Elucidating the structure relationships and transformation pathways of the solid forms of gandotinib was an enormous challenge. Only seven of the eleven experimentally observed forms crystallized directly from solution: a neat form (I), a tetrahydrate (Hy4), a 3.0-3.7-hydrate (HyY), and four solvates (methanol, n-propanol, n-butanol, and N-methyl-2-pyrrolidone). The four remaining forms (II, Hy2.2, Hy1.3, and HyX) were produced by dehydration and/or rehydration processes. Inter conversion of the anhydrates and hydrates of gandotinib with small changes in the relative humidity complicated identifying and characterizing the crystalline forms to such an extent that some experiments conducted in the humidity of summer could not be reproduced in the winter, and vice versa.

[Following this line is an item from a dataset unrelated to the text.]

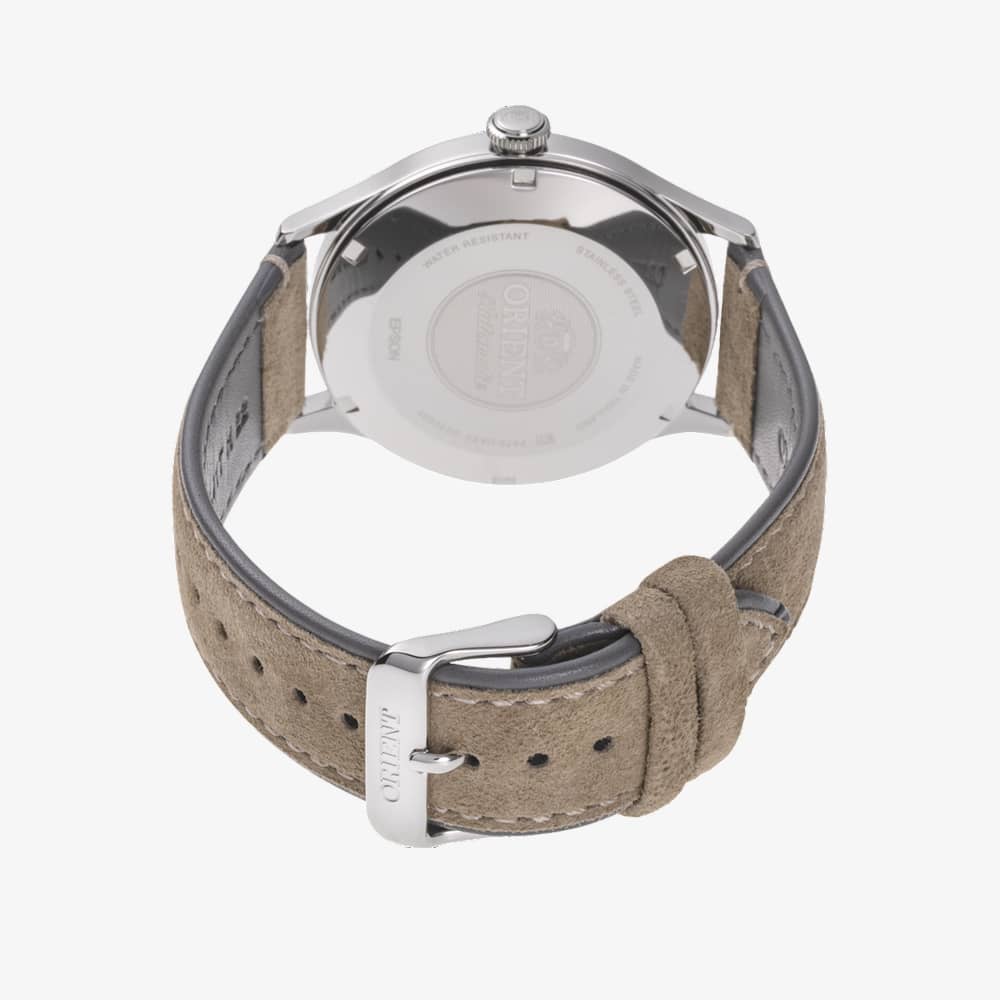 Orient Mens Bambino Blue Dial Leather Strap Watch RA-AC0P03L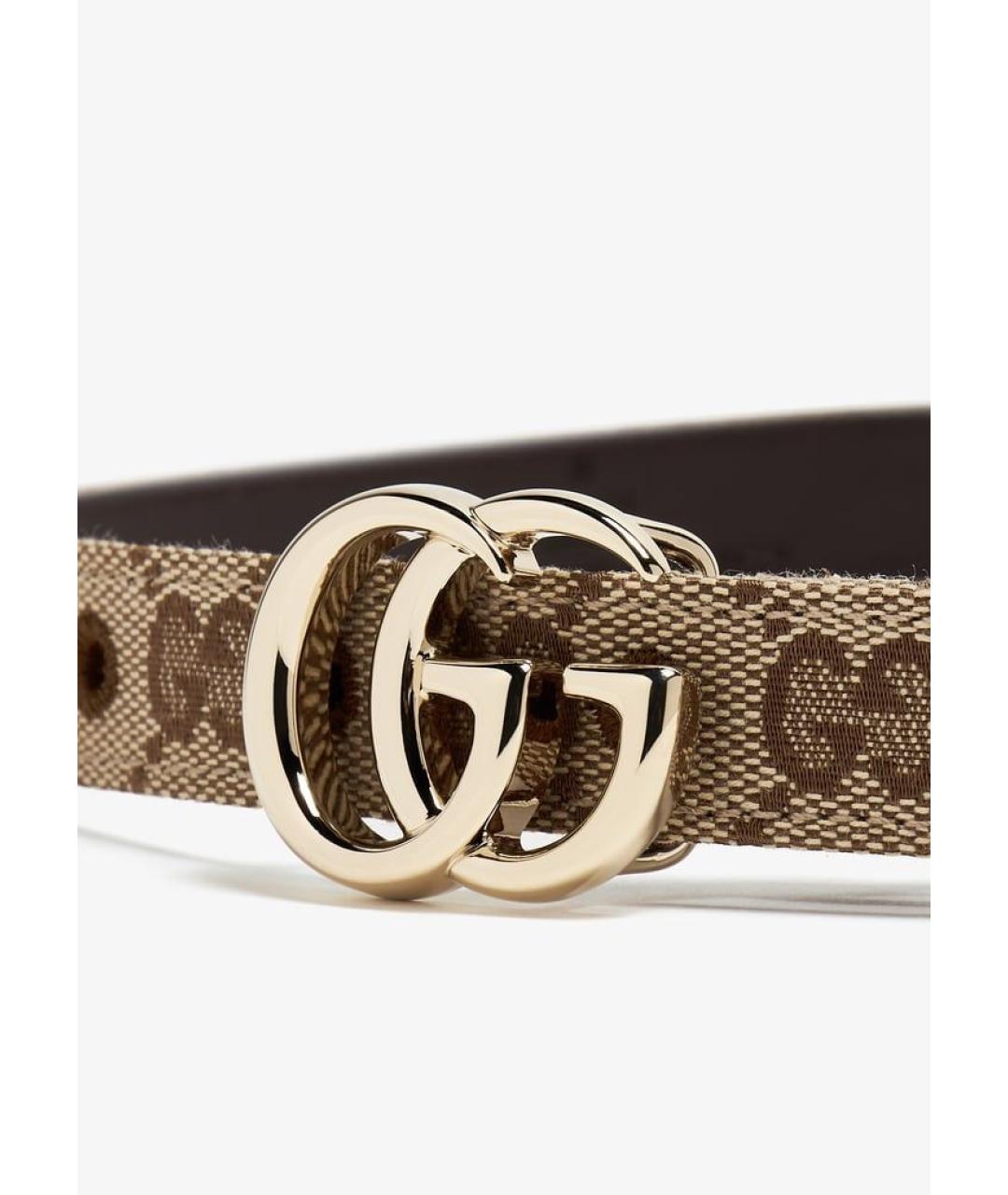 GUCCI Бежевый ремень, фото 2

Thus, with solid-state transformations being the only route to four of the solid forms, elucidating the crystal structural relationships underpinning the dehydration-rehydration pathways as a function of temperature and humidity required not only complementary experimental and computational methods, but also extreme patience. A key feature of this system is that the chlorofluorophenyl ring of gandotinib in the various neat and hydrated forms is disordered, but to different extents. Tetrahydrate Hy4 dehydrates to form II in a process that sees the disordered rings nearly completely reorder; rehydration of form II does not return Hy4 to the original, thermodynamic ratio of ring orientations, instead kinetically trapping the conformations in a disorder ratio close to that of form II. A crystal structure prediction of gandotinib showed that stable form I belongs to a large family of very similar low energy structures, all higher in lattice energy than the global minimum structure on the computed crystal energy landscape. By taking into account the contribution of disorder to the total free energy, form I is calculated to be energetically competitive with the global lattice energy minimum structure, suggesting that the thermodynamically most stable form has been found.